Talbot County officials have likewise increased their piggyback tax on state income taxes from 35 percent to the maximum 50 percent.

Prince George's Glendening, never a supporter of TRIM, said the measure in its original form "was disastrous."

"For the first year-and-a-half there was legitimate waste-cutting," he said. "After three or four years, however, there were serious cuts and actual firings. There simply was no alternative."

The effects of TRIM could have been worse had not the school-age population declined during the early years of the law, Glendening said. Still, he remembers the day in 1981 when 540 teaching positions were erased from the budget and 305 teachers were fired.

Margie Spirer, president of the 6,000-member Prince George's County Education Association, said the cuts went beyond personnel. Elementary art and music programs were canceled, junior varsity sports eliminated and class sizes increased. She said the county schools have never really recovered from TRIM, despite the 1984 amendment.

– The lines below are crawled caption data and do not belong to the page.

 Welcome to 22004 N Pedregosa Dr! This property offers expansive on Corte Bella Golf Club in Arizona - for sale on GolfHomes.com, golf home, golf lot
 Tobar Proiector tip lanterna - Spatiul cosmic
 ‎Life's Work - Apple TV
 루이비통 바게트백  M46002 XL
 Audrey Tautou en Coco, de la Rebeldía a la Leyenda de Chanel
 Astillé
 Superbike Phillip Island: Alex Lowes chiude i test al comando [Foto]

"We bled here. We are not bleeding anymore. We now allow for growth in our property taxes, but we have found that we can never catch up, we can never be better than we are today," Spirer said. "If you dream of a new program, you can't do it unless you cut someone else's program."

TRIM supporters respond that opponents often focus on only half the amendment's purpose: The issue is not just how much people pay in taxes but how the money is spent.

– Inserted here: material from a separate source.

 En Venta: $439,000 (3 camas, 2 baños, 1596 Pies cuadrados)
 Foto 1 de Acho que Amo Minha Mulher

William Goodman, a former state senator who originally pushed TRIM, said money could be found for schools by making real cuts elsewhere in the county budget. "They kept all their toys and never looked at meaningful change. The classrooms didn't have to bear the brunt of it all," he said.

Goodman's counterpart in Talbot, Emery Hertelendy, said taxpayers revolted there only after county officials refused to heed demands that the government be streamlined.

"A big meeting in Talbot County is 15 people. We had a meeting {on tax rates} in 1978 on the second floor of the courthouse in Easton, and people filled every seat and lined the walls on all three sides . . . . People were angry," he said.

Secretary of State Kelly senses the same mood this year. "The real way to handle the process is not by referendum," he said. "Every four years you have the option of voting on whether government is doing what it is supposed to be doing. That's a better way to handle it."